"Many people in the public schools want certain things done for economic or political reasons. Frequently, teachers attending staff development meetings are taught not by master teachers but by publishing-company employees. Why do fifth-grade teachers need hours of instruction before they can use a fifth-grade math book? Book publishers don't go to bed at night worrying that Johnny can't read; they worry about sales and profits. If our teachers can't teach, they're unlikely to be reformed by textbook publishers.
My school currently has two literacy coaches-- former teachers-- who constantly beg me to use their materials with my children. When these coaches try to convince me about their approaches, they rarely rely on arguments about improving reading. At the end of the last school year, my fifth-graders scored in the ninety-first percentile in national tests while the rest of the school scored in the forties. The coaches know this, so why do they want me to change my methods? They want to satisfy their boss, who wants to please his boss, who wants to impress her boss-- administrators all.
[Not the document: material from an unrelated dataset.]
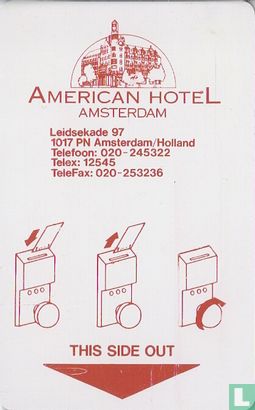 American hotel  - Bild 1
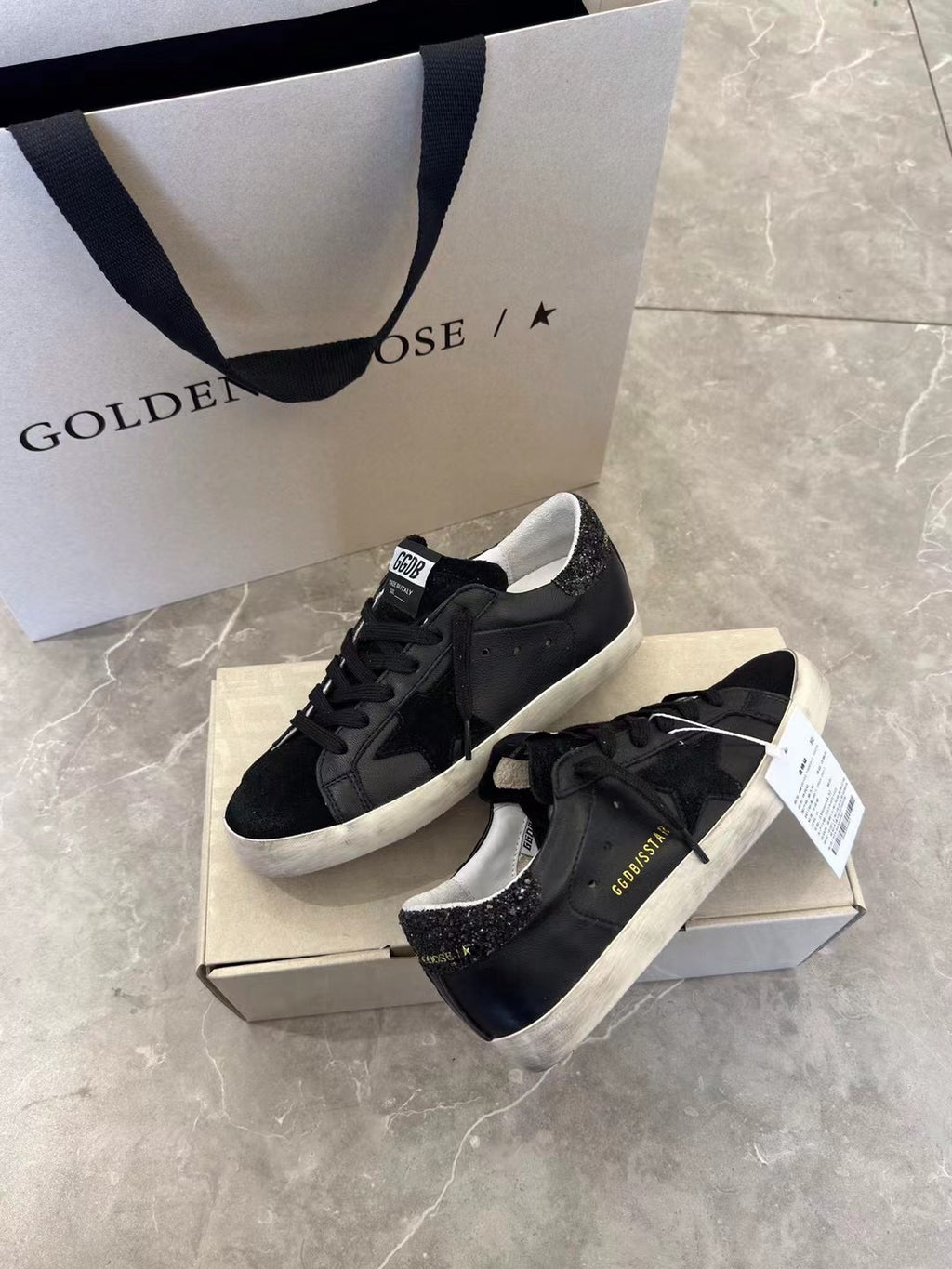 Golden Goose Super-Star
It's insulting (and boring) to listen to them drone on about how to use their books.
The same song-and-dance routine accompanies the promotion of the latest new-and-improved math textbook. Seriously, how many ways can you teach a child his multiplication tables? Arithmetic hasn't changed. If a math text is so complicated that the average fifth-grade teacher can't understand it without hours of instruction, then there's something wrong with the book, the teacher, or both. These companies interfere with creative and effective teachers. If we want Johnny to calculate better, we need to hire better teachers, not buy newer textbooks."
--Rafe Esquith, An actual classroom teacher
excerpted from There Are No Shortcuts
Vlorbik also suggested that I watch the movie: The Hobart Shakespeareans. It's now at the top of the queue.